100 years of the birthday celebrations of the scientific critic, politician, student of psychology (paranormal), and writer Arthur Koestler took place in 2005, the completion of 20 years of the Edinburgh University’s Koestler Parapsychology Unit also coinciding with his birth anniversary.
Born on the 5th of September in Budapest, the capital of Hungary, Arthur Koestler got admitted to the University of Vienna for completing his studies on psychology and science but left the university before the completion of his degree. He freelanced as a journalist in France and Germany, and as one of the London News Chronicle correspondents, he covered the entire Spanish Civil War but in 1937 was made a captive by the Fascist National Forces of France and was sentenced to death. But the British Foreign Office’s plot resulted in his release from prison. He was imprisoned again in 1940 by the government of Vichy in France when it was occupied.

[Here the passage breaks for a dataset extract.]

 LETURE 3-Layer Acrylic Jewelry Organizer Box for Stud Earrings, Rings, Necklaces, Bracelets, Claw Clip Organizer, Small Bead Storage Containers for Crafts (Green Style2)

Darkness at Noon, the popular anti-communist novel of Koestler is still famous along with The Roots of Coincidence – a book focusing directly on paranormal. The Roots of Coincidence was written by him as an effort to look for a root for paranormal occurrences in synchronization so that only one occurrence can be left for explanation. He tried to look further for the source of coincidence in quantum physics. In this book he makes a request to make parapsychology an esteemed and interesting field of study for the students. Arthur Koestler’s interest for studying the paranormal grew because of his supernatural experience when he was just 14. Other supernatural incidents through which he went include one such experience of his in the death cell of Spain which he recalled in his “The Invisible Writing”. In fact, Arthur Koestler went through many such mystical states and he expressed his interest in the paranormal quite often as with the advertisement he put on a newspaper for obtaining true reports on supernatural experiences like levitation, telepathy, clairvoyance and other, to be only getting disappointment in response. Arthur Koestler was fascinated by coincidences and carried out experiments with mind- alarming drugs such as LSD. He became a member of the Society for Psychical Research in 1952 and during the 1970s founded the KIB Foundation for his research works on psyche, his chief interest being in levitation.